(MATERIAL TO PROCESS begins)
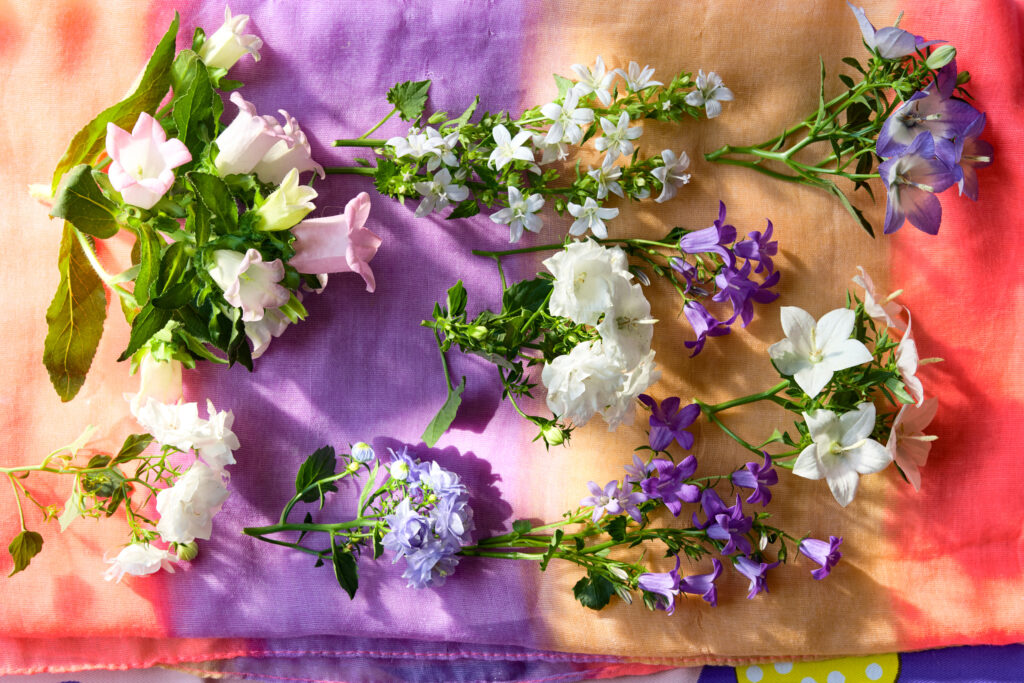 campanula klokjesbloem heeft vele verschijningsvormen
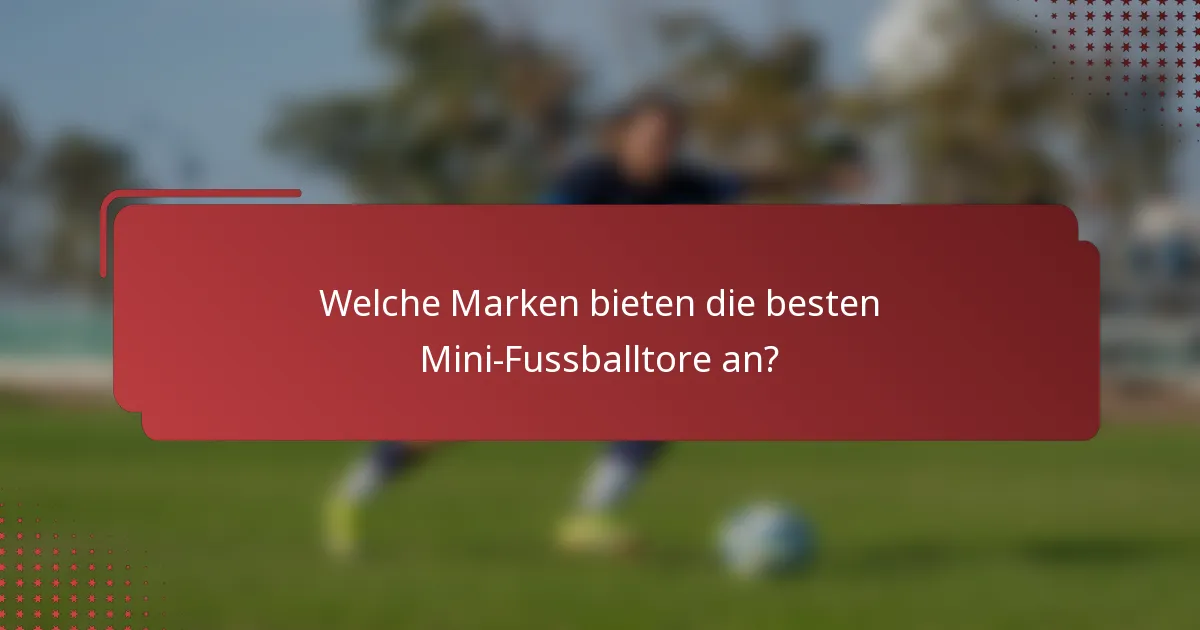 Welche Marken bieten die besten Mini-Fussballtore an?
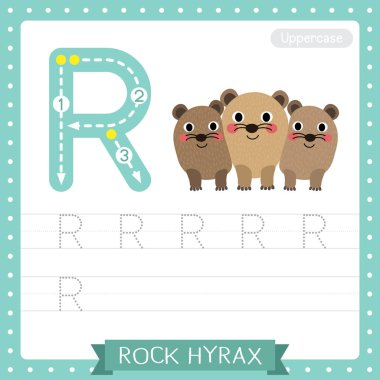 Letter R uppercase cute children colorful zoo and animals ABC alphabet tracing practice worksheet of Rock Hyrax family for kids learning English vocabulary and handwriting vector illustration. clipart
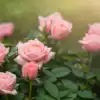 How To Grow Perfect Roses,गमले में चाहिए एक दम परफेक्ट गुलाब, तो जान ...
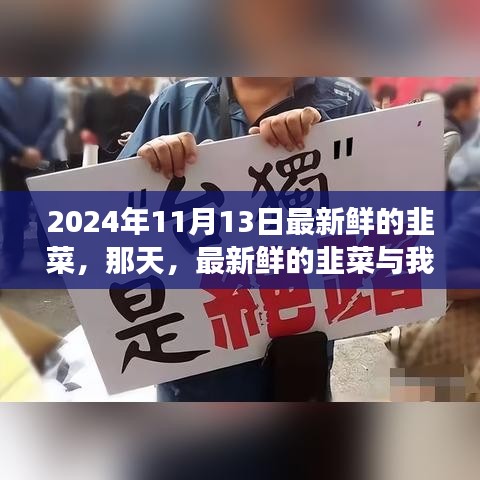 新鮮韭菜與溫馨故事，2024年11月13日的邂逅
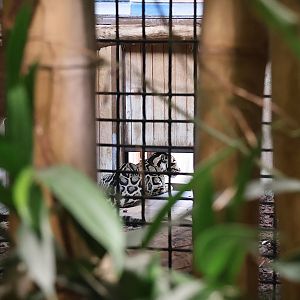 ABH - Indochinese Clouded Leopard (Neofelis nebulosa nebulosa)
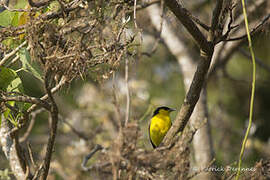 Common Iora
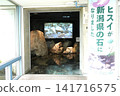 Jadeite from Niigata Prefecture 141716575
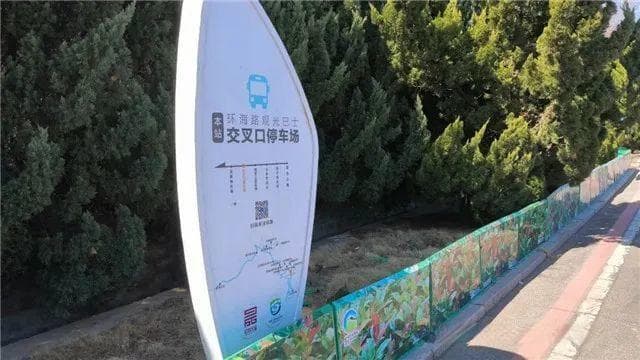 威海观光巴士全攻略：5种巴士路线详解，玩转千里山海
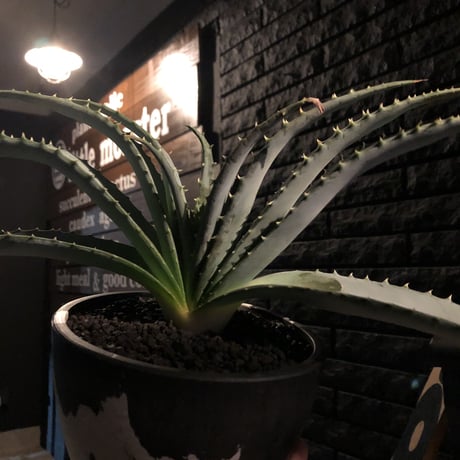 aloe   argyrostachys《L size》現地球発根済み‼︎ マダガスカルの希少種‼︎　※mad black  marble bowl pot植え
(MATERIAL TO PROCESS ends)
*ABOUT THIS EXERCISE*
Nothing but the lines from the start of the records above through the line with "新鮮韭菜與溫馨故事，2024年11月13日的邂逅" should be retyped, each exactly as written; leave out all pictures.

*PROBLEM SOLUTION*
 campanula klokjesbloem heeft vele verschijningsvormen
 Welche Marken bieten die besten Mini-Fussballtore an?
 Letter R uppercase cute children colorful zoo and animals ABC alphabet tracing practice worksheet of Rock Hyrax family for kids learning English vocabulary and handwriting vector illustration. clipart
 How To Grow Perfect Roses,गमले में चाहिए एक दम परफेक्ट गुलाब, तो जान ...
 新鮮韭菜與溫馨故事，2024年11月13日的邂逅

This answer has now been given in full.